■ Problem description
Among the lines below, keep only those from the one containing "Foto - Ini lah" through the one containing "[OSEN=최규한 기자] 한화", and reproduce them exactly.

■ Data in this exercise

"""

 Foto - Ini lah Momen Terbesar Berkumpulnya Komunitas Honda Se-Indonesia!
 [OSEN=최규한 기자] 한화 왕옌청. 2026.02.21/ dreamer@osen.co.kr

"""
"""

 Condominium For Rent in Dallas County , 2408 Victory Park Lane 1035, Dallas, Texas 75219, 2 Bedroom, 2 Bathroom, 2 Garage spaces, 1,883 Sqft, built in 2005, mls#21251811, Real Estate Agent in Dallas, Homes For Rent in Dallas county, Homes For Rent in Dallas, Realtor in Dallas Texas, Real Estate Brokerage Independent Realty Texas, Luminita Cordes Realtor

"""

■ Task answer
 Foto - Ini lah Momen Terbesar Berkumpulnya Komunitas Honda Se-Indonesia!
 [OSEN=최규한 기자] 한화 왕옌청. 2026.02.21/ dreamer@osen.co.kr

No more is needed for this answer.